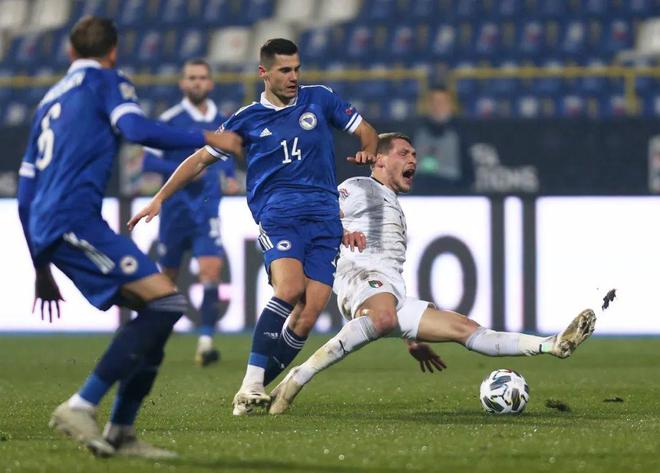 包含斯洛伐克队小组赛出局，无缘欧国大赛强的词条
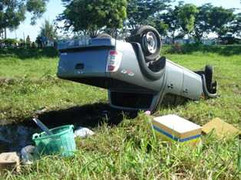 Ô tô lật 'chổng vó', tài xế và 'sếp' thoát chết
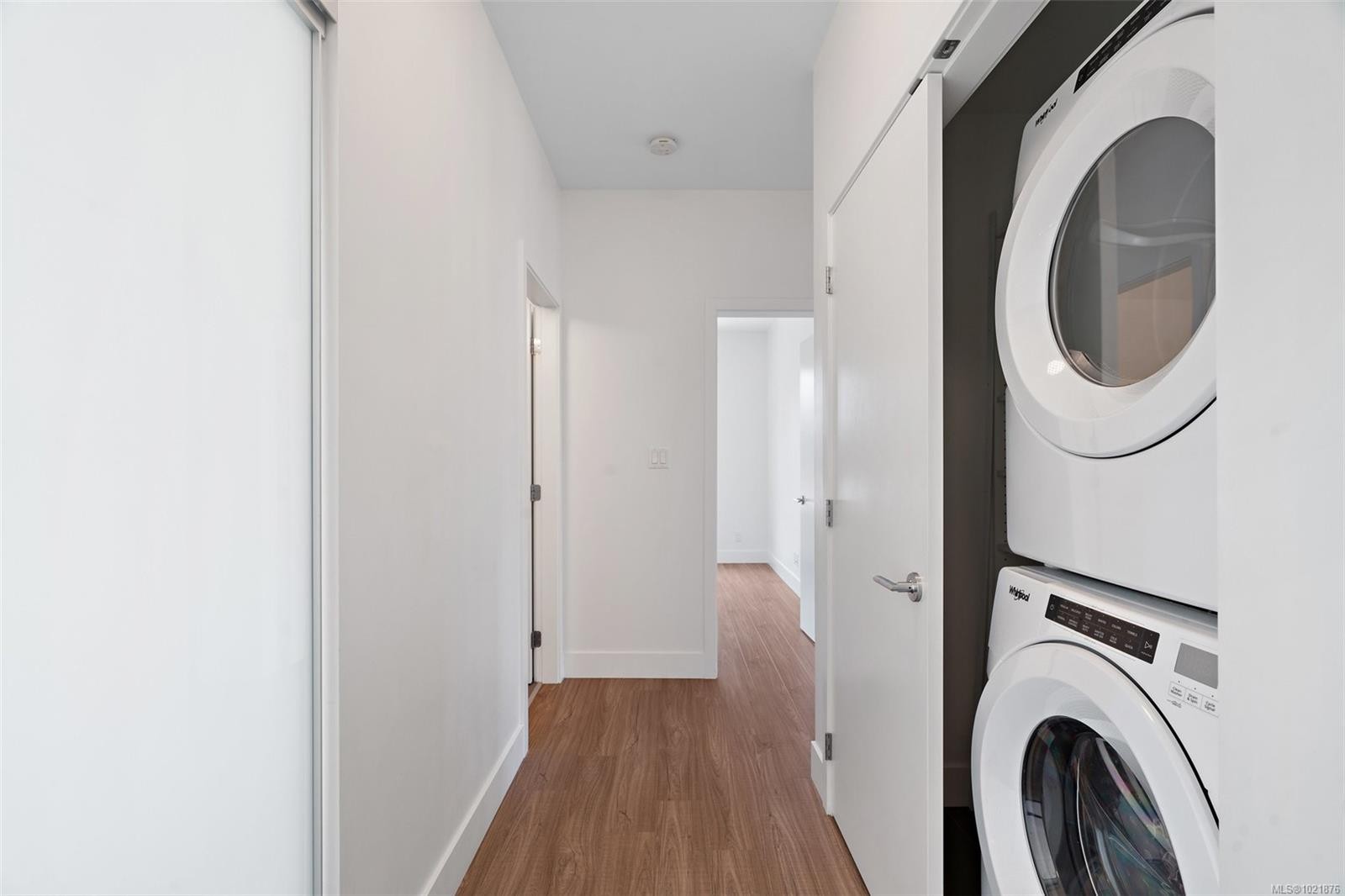418-960 Reunion Ave, Langford, BC - Indoor Photo Showing Laundry Room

::::

◆ What is expected ◆
Write out the data above in full and exactly, but without the pictures.

◆ Solution to the exercise ◆
 包含斯洛伐克队小组赛出局，无缘欧国大赛强的词条
 Ô tô lật 'chổng vó', tài xế và 'sếp' thoát chết
418-960 Reunion Ave, Langford, BC - Indoor Photo Showing Laundry Room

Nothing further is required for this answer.